:: INFORMATION GIVEN

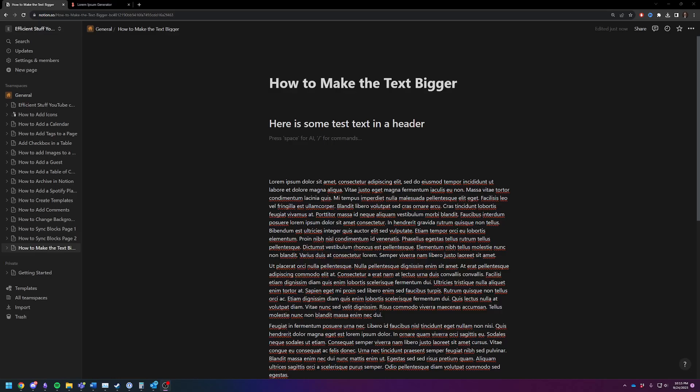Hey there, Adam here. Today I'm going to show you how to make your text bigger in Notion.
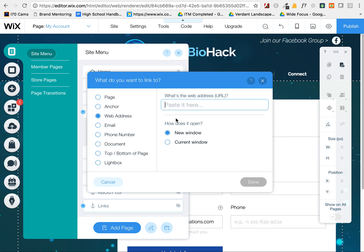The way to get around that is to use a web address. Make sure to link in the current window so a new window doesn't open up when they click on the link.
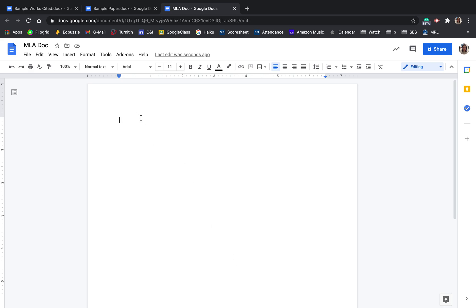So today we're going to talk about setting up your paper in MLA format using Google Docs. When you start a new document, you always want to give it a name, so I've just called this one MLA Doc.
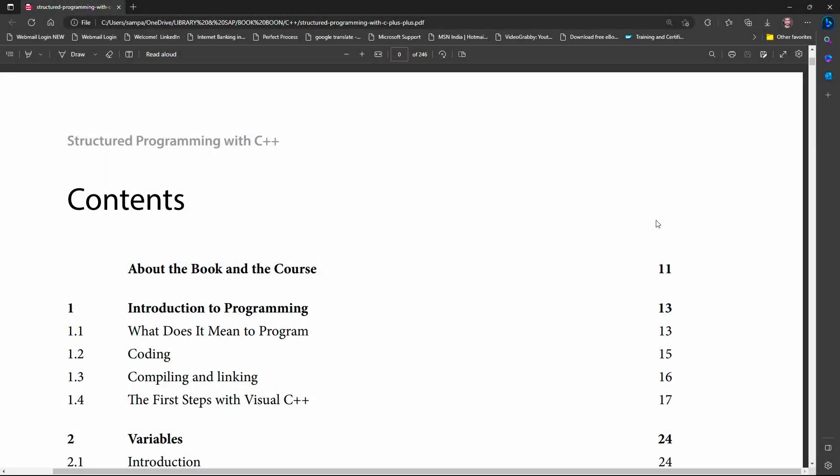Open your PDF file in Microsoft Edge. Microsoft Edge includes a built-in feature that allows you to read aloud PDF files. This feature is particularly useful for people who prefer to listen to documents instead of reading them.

::::
:: INFORMATION GIVEN

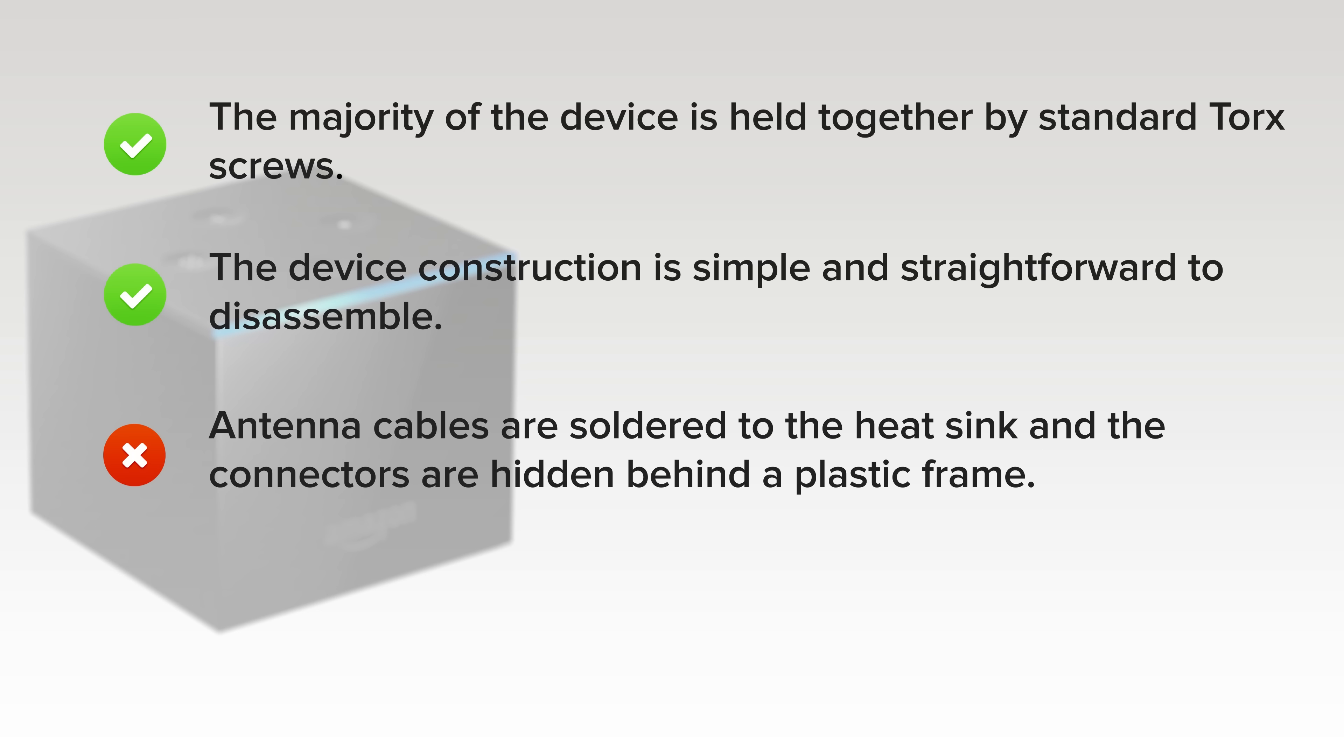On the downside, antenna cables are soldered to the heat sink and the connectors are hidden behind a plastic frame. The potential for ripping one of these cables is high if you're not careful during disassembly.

::::

WHAT YOU NEED TO DO — Starting at the line with "So today we're" in the entries above, write out every line exactly until the line with "Open your PDF" has been written. Include no pictures and nothing more.

PROBLEM SOLUTION —
So today we're going to talk about setting up your paper in MLA format using Google Docs. When you start a new document, you always want to give it a name, so I've just called this one MLA Doc.
Open your PDF file in Microsoft Edge. Microsoft Edge includes a built-in feature that allows you to read aloud PDF files. This feature is particularly useful for people who prefer to listen to documents instead of reading them.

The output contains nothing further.